*** EXTRACTED RECORDS ***

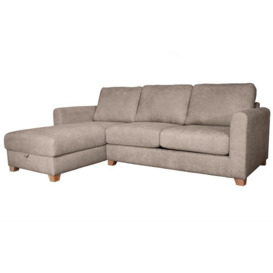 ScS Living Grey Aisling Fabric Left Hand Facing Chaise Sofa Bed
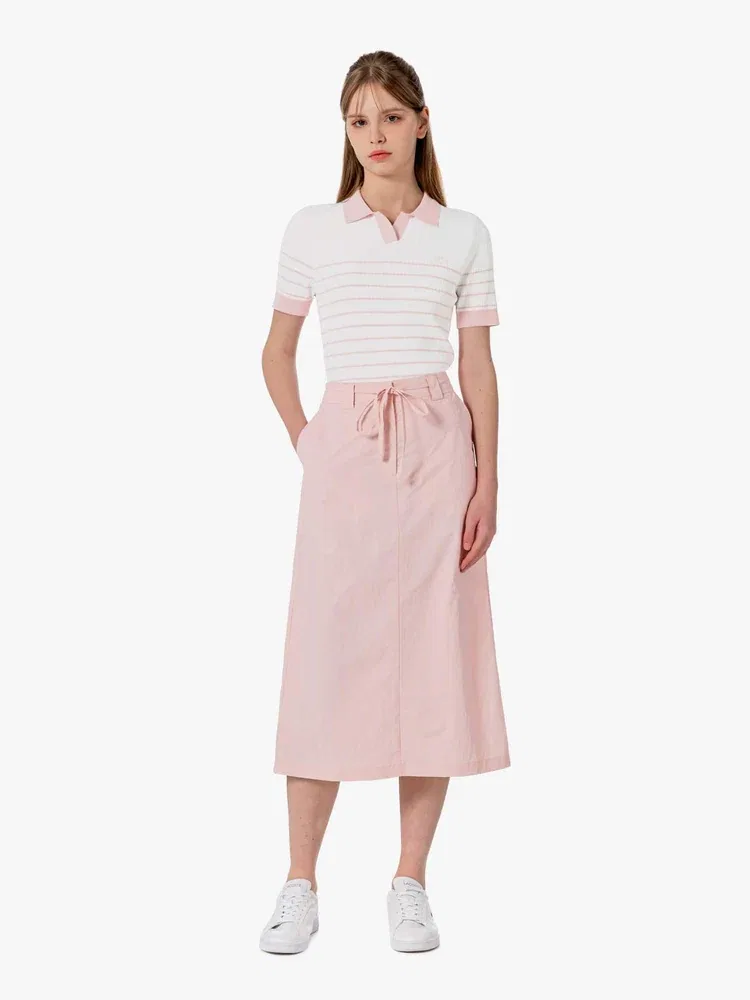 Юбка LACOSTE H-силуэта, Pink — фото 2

***
*** EXTRACTED RECORDS ***

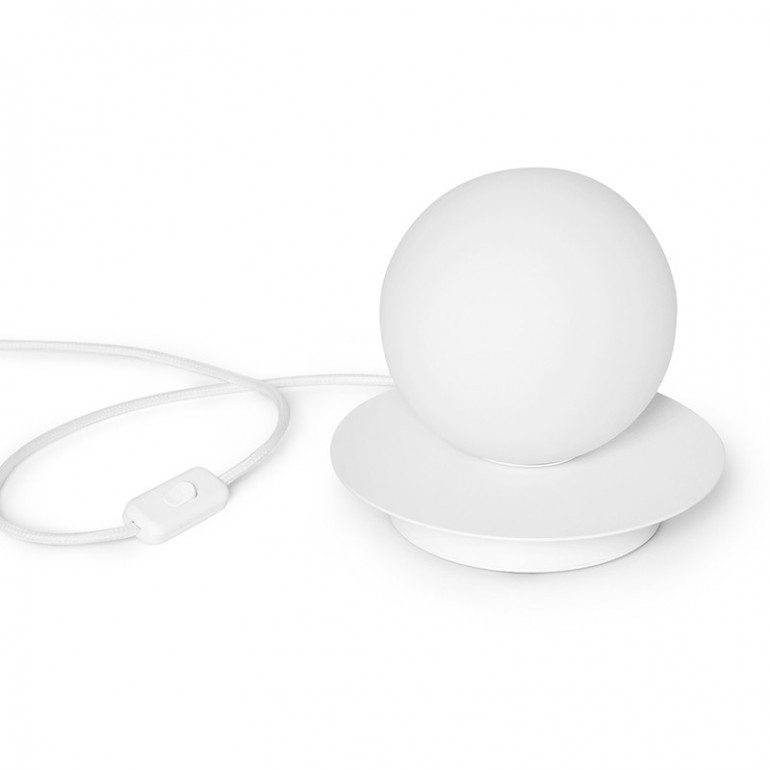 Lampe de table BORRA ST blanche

***

WORK ORDER: In the listing above, find the line with "ScS Living Grey" and the line with "Юбка LACOSTE H-силуэта, Pink — фото 2". Set down both and every line between them, minus the pictures.

TASK RESULT:
 ScS Living Grey Aisling Fabric Left Hand Facing Chaise Sofa Bed
 Юбка LACOSTE H-силуэта, Pink — фото 2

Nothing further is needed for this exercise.